Nicht gespart wird bei den Investitionen für Forschung und Entwicklung. Die stiegen zuletzt um 54 Millionen Euro auf 530 Millionen Euro. Damit investiert Trumpf mehr als jeden zehnten Umsatzeuro (10,3 Prozent) in weitere Innovationen. Mit dieser Quote liegt deutlich über dem Schnitt der Branche, die zwischen fünf und sechs Prozent des Umsatzes für Forschung und Entwicklung einsetzt. Leibinger-Kammüller sieht sich vereint mit tausende von Mittelständlern, die Ihre Innovationen selbst finanzieren und kaum Fördergelder beziehen. „Wie helfen uns in der Rezession selbst.“ Umso weniger Verständnis hat sie, dass für große Konzerne, die nach staatlicher Hilfe rufen, wenn die Geschäfte schlecht laufen. Diese Milliarden würden für die steuerliche Entlastung von Handwerk und Mittelstand dringend benötigt.

 

Wo sind jene Schritte, die dazu beitragen, dass Deutschland wieder wettbewerbsfähig wird?

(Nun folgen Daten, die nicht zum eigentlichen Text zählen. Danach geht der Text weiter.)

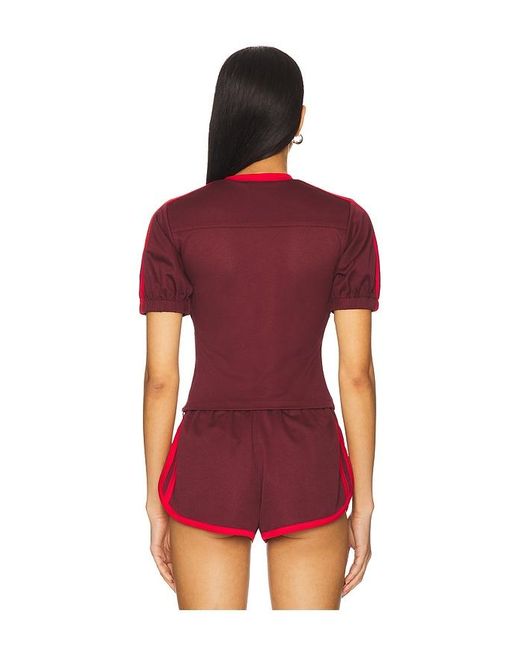 Lovers + Friends Red Adina Top
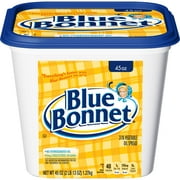 Blue Bonnet Vegetable Oil Spread, 45 oz
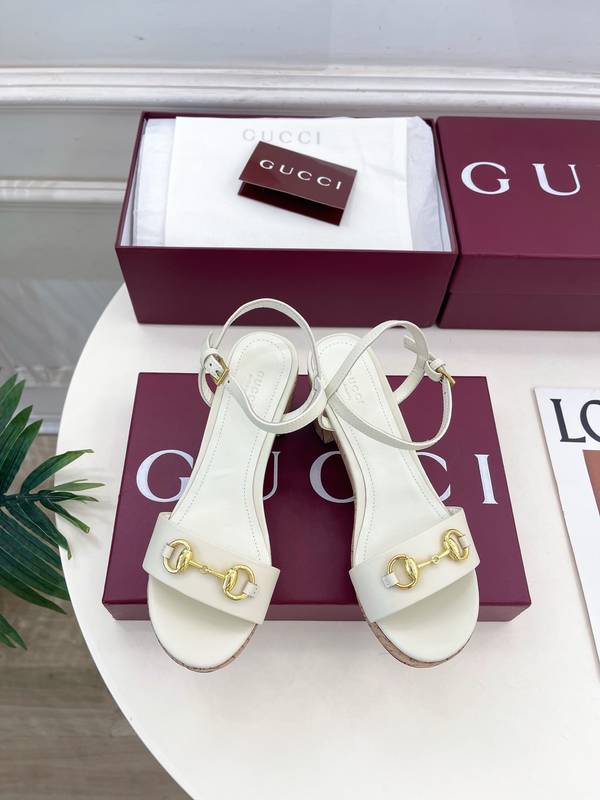 Gucci Shoes GUS00892 Heel 7CM Gucci Shoes GUS00892 Heel 7CM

Leibinger-Kammüller rügt die Tendenz der Politik, den Unternehmen immer höhere Hürden in den Weg zu stellen, während subventionierte Wettbewerber aus Asien auch noch mit gefälschten Maschinenzertifikaten auf den EU-Markt drängen. „Während wir nachweisen sollen, dass unsere Lieferketten im Sinne der Menschenrechte funktionieren.“ Die Trumpf-Chefin rügt, dass die Ampel der tatsächlichen Lage der Wirtschaft nicht gerecht werde und sich im parteipolitischen Kleinklein verliert, statt die tatsächlichen Probleme anzugehen. „Die Bürokratie für Unternehmen und Privatpersonen ist auf einem Höchststand.“

Die Trumpf-Chefin vermisst eine Gemeinschaftsinitiative von Politik, Wirtschaft und Bürgern, um die Krise im Rahmen einer „Agenda 2030“ anzugehen. Stattdessen werde auch in der Industrie schnell nach dem Staat gerufen. Das habe zum „planwirtschaftlichen Agieren der Ampel“ geführt. „Wo sind jene Schritte, die dazu beitragen, dass Deutschland wieder wettbewerbsfähig wird? Wir müssen uns auf unsere Stärken besinnen die zu unserer Wirtschaftsstruktur als Produktionsstandort passen.“

„Wir glauben an unsere Produkte, unsere Technologien und vor allem: unsere Mitarbeiter“. Damit macht die Trumpf-Chefin klar, dass ihr Unternehmen aus eigener Kraft die Krise bewältigen will. Sorgen bereitet der Trumpf-Führung die Entwicklung in China und den USA, wo sich die protektionistischen Tendenzen weiter verstärken. Das verstärke den Druck auf das Unternehmen. Auch die Konflikte in der Ukraine und Nahost würden die allgemeine Verunsicherung verstärken. „Wir blicken mit Entschlossenheit in die Zukunft; nicht mit naivem Optimismus.“

Die Trumpf Gruppe

Der Maschinenbauer Trumpf hat im Geschäftsjahr 2023/24 (30. Juni) mit 19.000 (Plus 3,6 Prozent) Beschäftigten einen Umsatz von 5,2 Milliarden Euro erwirtschaftet. Das sind 3,6 Prozent weniger als in der vorangegangenen Rechnungsperiode, als das Familienunternehmen ihr 100jähriges Bestehen gefeiert hat.

Das Ergebnis vor Zinsen und Steuern (Ebit) sank um 114 Millionen Euro auf eine halbe Milliarde Euro, war einer Rendite von 9,7 Prozent (Vorjahr 11,5 Prozent) entspricht.

In Deutschland stieg die Zahl der Mitarbeiter um 4,2 Prozent auf 9500.

Die wichtigsten Standorte sind im Großraum Stuttgart, Freiburg, Schramberg und Hettingen.  Insgesamt arbeiten fast 3100 Spezialisten an der Entwicklung neuer Erzeugnisse. Die Nachfrage nach Trumpf-Produkten ist zuletzt um gut zehn Prozent weltweit eingebrochen. Eine Wende ist aktuell nicht in Sicht.